**Source information:**
___

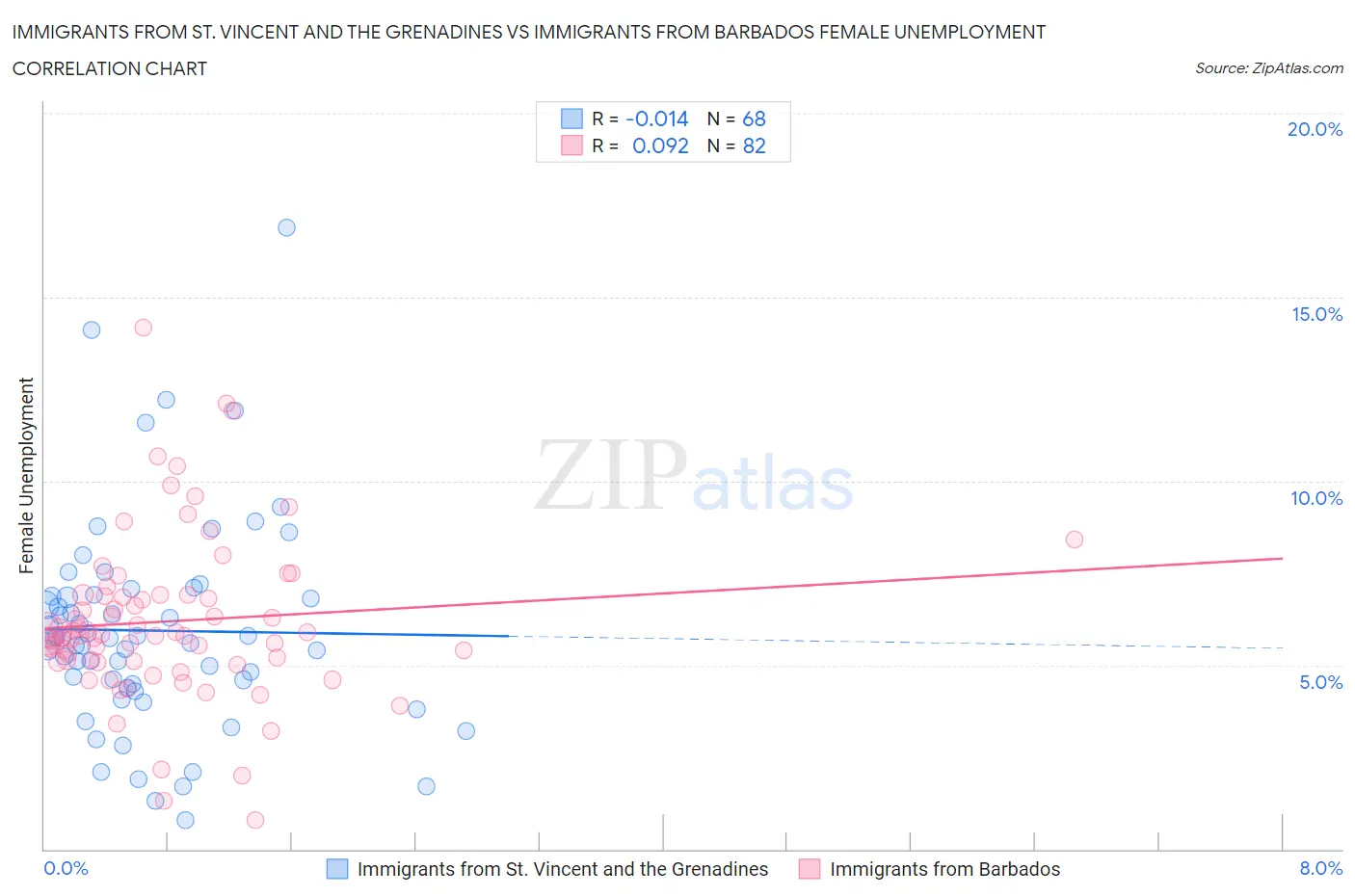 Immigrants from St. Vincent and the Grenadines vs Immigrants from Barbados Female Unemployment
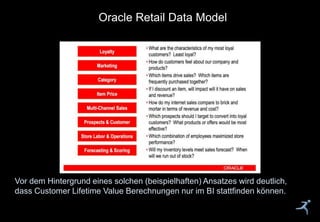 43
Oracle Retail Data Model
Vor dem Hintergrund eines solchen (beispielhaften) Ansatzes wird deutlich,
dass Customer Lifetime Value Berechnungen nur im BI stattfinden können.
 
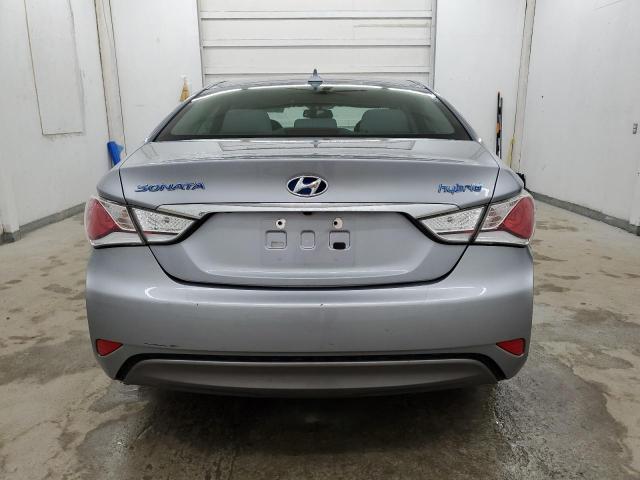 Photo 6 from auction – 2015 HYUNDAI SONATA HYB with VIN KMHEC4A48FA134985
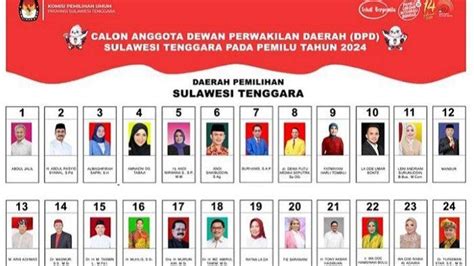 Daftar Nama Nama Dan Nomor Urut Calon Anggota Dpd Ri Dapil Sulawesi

___

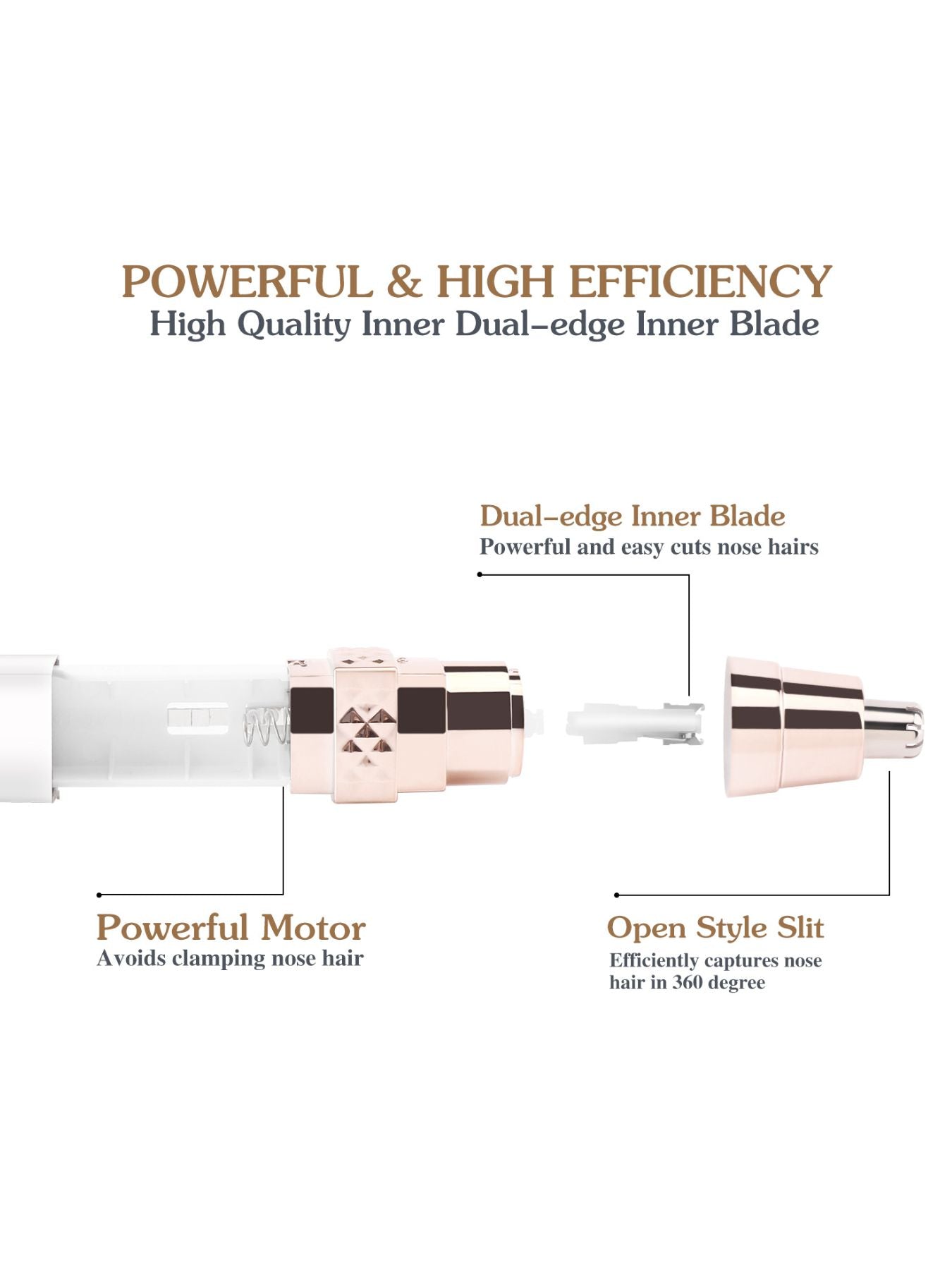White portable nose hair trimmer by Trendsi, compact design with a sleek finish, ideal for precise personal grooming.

___

**Problem details:** Would you please repeat only the lines above, beginning at the one that has "Immigrants from St." and stopping after the one that has "Daftar Nama Nama", exactly and with no pictures?

**Answer to this problem:**
 Immigrants from St. Vincent and the Grenadines vs Immigrants from Barbados Female Unemployment
 43
Oracle Retail Data Model
Vor dem Hintergrund eines solchen (beispielhaften) Ansatzes wird deutlich,
dass Customer Lifetime Value Berechnungen nur im BI stattfinden können.
 
 Photo 6 from auction – 2015 HYUNDAI SONATA HYB with VIN KMHEC4A48FA134985
 Daftar Nama Nama Dan Nomor Urut Calon Anggota Dpd Ri Dapil Sulawesi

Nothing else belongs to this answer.